書く、という核

物を書くこと。いったい、どうすればいいのだろうか。


先日、『切りとれ、あの祈る手を』という佐々木中パウル・ツェランの詩から引用したというタイトルの著書で、「なぜ、自分の作った作品を発表しなければいけないのか」と2人の学生から問われたことを最後の話題に挙げていた。


連れの言うことに、書くこと/描くことはそれ自体が本人にとってそうしたい、と思う以上に「そうせざるをえない」ものだと。――だとするとそれは、「したいこと」と「そうせざるをえないこと」とは一個なのかもしれない。“衝迫”という言葉がある。「自らをつきうごかしてやまないもの」という意味合いだろうか。そういったことになる。そして、その一個とも言える“衝迫”は、おそらくその人にとって軸や核と呼ばれるものだろう。これに連れは応える。軸や核は、誰しも持っているものだ。多かれ少なかれ。ただ、それは表現するかしないかという問題とは違う、と。――確かにそうだ。卑近な例では、修論を書き始めるその初めの時、私は恐ろしくてパニックに陥った。連れは、まだまだだね、と応え、怖さや恥ずかしさを超えて「そうせざるを得ない」、書かざるを/描かざるを得ないものが出てくる、とも言ったのだった。あなたはまだ、機が熟していないのだろう、とも。

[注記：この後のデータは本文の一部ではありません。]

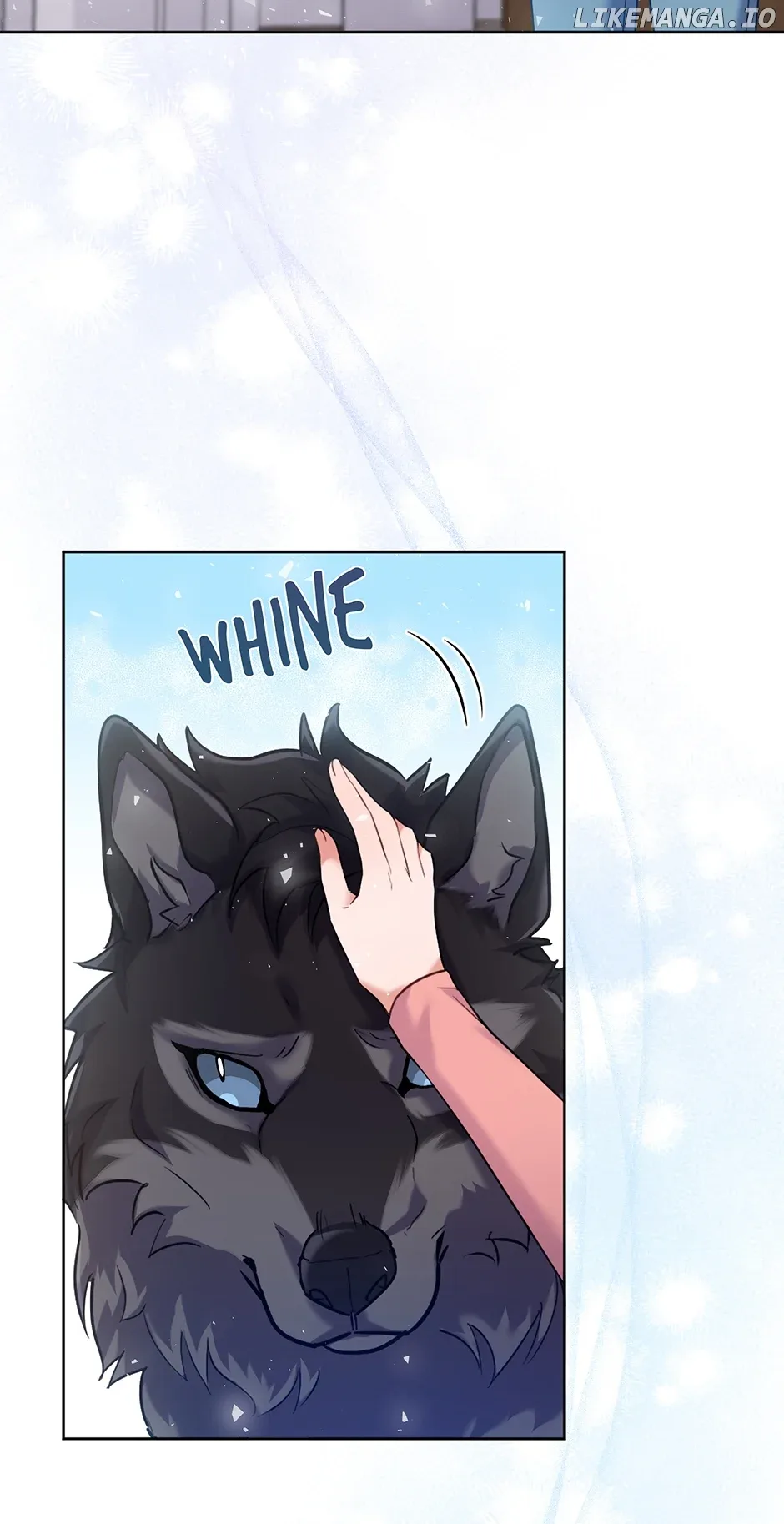 Torn Between Alphas Chapter 39 page 43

私が恐れているのは、発表への抵抗もあろう。しかし同時に、この軸や核となるものが単なる一過性のもので終わり、日々口に糊していくことに追われ、自分の存在とやらをありあわせの意味付けで満足して、思考をやめてしまうことなのだ。衝迫に突き動かされるのがどんなに辛さ苦しさに満ちていようとも、私が愚鈍・無能でいることにも気付かず醜態をさらしているよりはよっぽどいい。『生きることに意味なんてない』。けだし名言だ。そう、意味なんてないのだ。それなのに、「人生とは〜」「生きるとは〜」「男とは〜」「社会人とは〜」「学生とは〜」何度も何度も、今日もどこかで誰かが同じことをうわごとのように、しかし偉そうに、自らをつなぎとめるように口にしている。たとえば目の前の人は「自分のものさしで考えるな」と言ったはずなのに、そのあとには「うまいものが云々」と言う。いいかげんにしてくれ。ほとんどの人間が、自分の言葉の意味を考えもせずに語ろうとする。あなたたちが言う社会的責任とは、つまりそういうごく日常的な会話にも適用されるものではないのか?治外法権、特別扱いで逃れられると思うな。腹もくくれずに言葉をしゃべるな。
…………いつも、こういう話になる。話題を戻そう。佐々木中氏は、「多くのことが、実に多くのことが、まだまだ可能なのです。三八〇万年の永遠が、われわれを待っているのですから」と締めくくったのだった。実に力づけられる言葉だ。発表とは、もしその入り口で立ち止まっているのならば、行うべきものなのだろう。やってみるしかないのだ。


ここまで来ると、こういった話題は別物かもしれないが。ずば抜けた天才はその傍らで何かを損なっていることもあるようだ。曰く半世紀以上前、文学部に虚弱ながら天才肌の研究者がいたという。日がな湯たんぽを抱えて歩いていたという。彼はあまりにも若くして亡くなった、と。また、伊藤計劃。彼もあまりの若さで亡くなったと。ミュージックシーンにおいても、セックス・ピストルズシド・ヴィシャスニルヴァーナカート・コバーン、ドアーズのジム・モリソンなどなど。若くして鬼籍に入った才人がどうしても注目を浴びるのでもあるだろう。夭逝の美学などと顚倒した考えが生まれるが、しかしそんなことを言うのではない。あるいはエランベルジェは『無意識の発見』で「創造の病」について言及している。そこまで向かわねば、創造的な作業は行えないと…。まあ、いい。徹底してやれるだけやるだけだ。
どうであれ、いま私が分からぬのは、佐々木氏の言う「読み読み直し書き書き直し」という、文章に基づく徹底的な態度=革命と、創造的行為とが持つ関わり。また、理論と実践の折衷案として提出されやすい宗教の別のありかたについて。そして(自らが)書く、考えることについて。